> What to produce
From the data below, copy exactly the lines that lie between the one holding "Modern bathroom with" and the one holding "a glass table", including both, and nothing more.

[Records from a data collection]
◇ ◇ ◇ ◇ ◇ ◇ ◇

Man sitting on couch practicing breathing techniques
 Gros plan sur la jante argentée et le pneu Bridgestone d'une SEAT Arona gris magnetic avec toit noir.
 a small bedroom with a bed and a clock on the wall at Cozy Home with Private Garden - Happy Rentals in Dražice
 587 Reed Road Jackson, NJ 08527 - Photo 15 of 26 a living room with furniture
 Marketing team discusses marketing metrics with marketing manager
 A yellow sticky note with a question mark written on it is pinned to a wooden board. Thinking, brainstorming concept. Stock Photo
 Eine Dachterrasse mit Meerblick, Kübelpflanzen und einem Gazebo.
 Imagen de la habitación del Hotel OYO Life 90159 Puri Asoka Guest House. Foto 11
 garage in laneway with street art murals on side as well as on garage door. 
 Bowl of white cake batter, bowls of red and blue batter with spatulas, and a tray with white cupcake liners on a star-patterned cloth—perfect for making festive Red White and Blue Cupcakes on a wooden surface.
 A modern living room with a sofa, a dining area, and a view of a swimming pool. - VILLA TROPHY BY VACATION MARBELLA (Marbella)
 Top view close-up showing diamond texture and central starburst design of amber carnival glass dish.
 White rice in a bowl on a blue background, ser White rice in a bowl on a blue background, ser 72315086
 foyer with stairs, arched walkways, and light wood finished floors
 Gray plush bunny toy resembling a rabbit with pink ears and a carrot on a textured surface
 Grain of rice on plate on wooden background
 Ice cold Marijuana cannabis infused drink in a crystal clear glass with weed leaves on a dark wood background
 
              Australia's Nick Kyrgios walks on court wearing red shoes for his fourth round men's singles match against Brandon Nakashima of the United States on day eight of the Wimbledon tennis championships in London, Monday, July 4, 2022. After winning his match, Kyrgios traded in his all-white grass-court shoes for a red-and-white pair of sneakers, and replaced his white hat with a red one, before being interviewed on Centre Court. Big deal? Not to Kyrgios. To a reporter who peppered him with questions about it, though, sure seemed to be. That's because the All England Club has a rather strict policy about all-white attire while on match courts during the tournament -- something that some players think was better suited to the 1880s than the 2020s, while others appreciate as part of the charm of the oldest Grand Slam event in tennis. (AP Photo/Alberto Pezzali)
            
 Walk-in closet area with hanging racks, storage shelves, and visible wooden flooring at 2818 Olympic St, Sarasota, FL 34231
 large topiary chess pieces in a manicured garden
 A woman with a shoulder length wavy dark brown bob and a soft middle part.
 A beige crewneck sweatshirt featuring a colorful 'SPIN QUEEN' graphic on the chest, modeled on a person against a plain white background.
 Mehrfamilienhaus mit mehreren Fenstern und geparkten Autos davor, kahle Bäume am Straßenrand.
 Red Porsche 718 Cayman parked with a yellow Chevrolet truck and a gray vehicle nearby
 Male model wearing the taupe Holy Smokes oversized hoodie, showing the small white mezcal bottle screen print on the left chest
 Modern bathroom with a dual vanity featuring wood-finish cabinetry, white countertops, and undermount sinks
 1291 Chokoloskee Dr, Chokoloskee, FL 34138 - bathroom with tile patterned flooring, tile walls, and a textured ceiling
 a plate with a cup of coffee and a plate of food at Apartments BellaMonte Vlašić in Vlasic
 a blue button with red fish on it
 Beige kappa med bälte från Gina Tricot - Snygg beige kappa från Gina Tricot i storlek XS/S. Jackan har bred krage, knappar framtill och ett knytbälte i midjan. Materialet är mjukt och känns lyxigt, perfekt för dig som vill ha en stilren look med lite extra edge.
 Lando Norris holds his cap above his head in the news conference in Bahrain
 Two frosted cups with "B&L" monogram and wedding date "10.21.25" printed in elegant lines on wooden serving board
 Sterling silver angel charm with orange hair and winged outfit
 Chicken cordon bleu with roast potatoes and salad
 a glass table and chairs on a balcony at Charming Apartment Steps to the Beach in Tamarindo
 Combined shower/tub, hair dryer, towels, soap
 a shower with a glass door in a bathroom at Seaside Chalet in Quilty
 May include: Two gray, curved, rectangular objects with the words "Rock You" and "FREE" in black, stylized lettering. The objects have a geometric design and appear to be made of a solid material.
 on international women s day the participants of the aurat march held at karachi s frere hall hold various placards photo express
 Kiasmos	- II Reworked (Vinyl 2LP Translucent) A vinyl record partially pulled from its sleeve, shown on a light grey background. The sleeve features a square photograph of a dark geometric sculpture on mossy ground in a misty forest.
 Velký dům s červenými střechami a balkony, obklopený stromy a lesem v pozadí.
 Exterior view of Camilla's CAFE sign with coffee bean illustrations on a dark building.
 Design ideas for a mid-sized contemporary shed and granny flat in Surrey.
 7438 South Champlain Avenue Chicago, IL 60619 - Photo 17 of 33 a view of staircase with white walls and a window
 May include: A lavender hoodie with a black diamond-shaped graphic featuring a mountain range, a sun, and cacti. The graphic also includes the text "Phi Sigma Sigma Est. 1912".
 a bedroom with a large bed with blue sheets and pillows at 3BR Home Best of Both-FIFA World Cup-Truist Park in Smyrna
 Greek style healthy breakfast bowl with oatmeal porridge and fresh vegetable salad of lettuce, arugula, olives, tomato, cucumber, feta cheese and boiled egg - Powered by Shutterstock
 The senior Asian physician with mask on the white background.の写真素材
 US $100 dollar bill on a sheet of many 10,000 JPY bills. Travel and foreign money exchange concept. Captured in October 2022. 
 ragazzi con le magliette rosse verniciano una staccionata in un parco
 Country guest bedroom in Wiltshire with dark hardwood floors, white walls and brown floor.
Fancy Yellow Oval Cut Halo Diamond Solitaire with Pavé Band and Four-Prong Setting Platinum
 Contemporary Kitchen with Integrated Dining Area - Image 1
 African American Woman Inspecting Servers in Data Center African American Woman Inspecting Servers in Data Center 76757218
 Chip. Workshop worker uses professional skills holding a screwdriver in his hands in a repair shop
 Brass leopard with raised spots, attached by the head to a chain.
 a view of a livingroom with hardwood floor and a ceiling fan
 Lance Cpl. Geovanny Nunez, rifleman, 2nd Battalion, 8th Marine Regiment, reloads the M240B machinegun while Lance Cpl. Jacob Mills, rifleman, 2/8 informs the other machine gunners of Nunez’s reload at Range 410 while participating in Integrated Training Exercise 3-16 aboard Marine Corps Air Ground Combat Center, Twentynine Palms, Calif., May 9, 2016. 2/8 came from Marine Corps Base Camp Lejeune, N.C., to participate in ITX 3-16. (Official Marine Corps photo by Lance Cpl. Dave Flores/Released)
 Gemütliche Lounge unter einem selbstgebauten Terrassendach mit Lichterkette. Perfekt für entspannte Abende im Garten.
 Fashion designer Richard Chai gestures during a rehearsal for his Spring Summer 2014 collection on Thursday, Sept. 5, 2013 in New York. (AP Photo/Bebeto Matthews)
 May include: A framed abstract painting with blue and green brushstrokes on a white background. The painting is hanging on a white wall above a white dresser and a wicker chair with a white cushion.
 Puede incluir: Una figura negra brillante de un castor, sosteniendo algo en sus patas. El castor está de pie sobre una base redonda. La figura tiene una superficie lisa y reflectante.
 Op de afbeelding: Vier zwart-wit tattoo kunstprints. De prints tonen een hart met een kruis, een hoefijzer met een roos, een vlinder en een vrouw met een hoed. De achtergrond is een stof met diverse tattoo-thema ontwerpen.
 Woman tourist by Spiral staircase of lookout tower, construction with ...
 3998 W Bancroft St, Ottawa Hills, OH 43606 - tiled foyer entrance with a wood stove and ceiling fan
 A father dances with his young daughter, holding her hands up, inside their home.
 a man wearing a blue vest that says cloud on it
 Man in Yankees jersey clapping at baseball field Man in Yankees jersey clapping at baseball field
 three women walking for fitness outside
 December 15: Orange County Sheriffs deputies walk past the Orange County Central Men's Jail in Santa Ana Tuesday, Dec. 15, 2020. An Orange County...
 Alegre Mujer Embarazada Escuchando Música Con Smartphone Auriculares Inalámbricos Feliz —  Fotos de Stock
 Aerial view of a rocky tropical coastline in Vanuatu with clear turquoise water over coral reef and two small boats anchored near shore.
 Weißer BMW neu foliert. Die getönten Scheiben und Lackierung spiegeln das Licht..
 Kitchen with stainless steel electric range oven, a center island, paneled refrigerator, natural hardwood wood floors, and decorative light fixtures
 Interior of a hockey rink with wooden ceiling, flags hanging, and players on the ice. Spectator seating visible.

◇ ◇ ◇ ◇ ◇ ◇ ◇

> Result
 Modern bathroom with a dual vanity featuring wood-finish cabinetry, white countertops, and undermount sinks
 1291 Chokoloskee Dr, Chokoloskee, FL 34138 - bathroom with tile patterned flooring, tile walls, and a textured ceiling
 a plate with a cup of coffee and a plate of food at Apartments BellaMonte Vlašić in Vlasic
 a blue button with red fish on it
 Beige kappa med bälte från Gina Tricot - Snygg beige kappa från Gina Tricot i storlek XS/S. Jackan har bred krage, knappar framtill och ett knytbälte i midjan. Materialet är mjukt och känns lyxigt, perfekt för dig som vill ha en stilren look med lite extra edge.
 Lando Norris holds his cap above his head in the news conference in Bahrain
 Two frosted cups with "B&L" monogram and wedding date "10.21.25" printed in elegant lines on wooden serving board
 Sterling silver angel charm with orange hair and winged outfit
 Chicken cordon bleu with roast potatoes and salad
 a glass table and chairs on a balcony at Charming Apartment Steps to the Beach in Tamarindo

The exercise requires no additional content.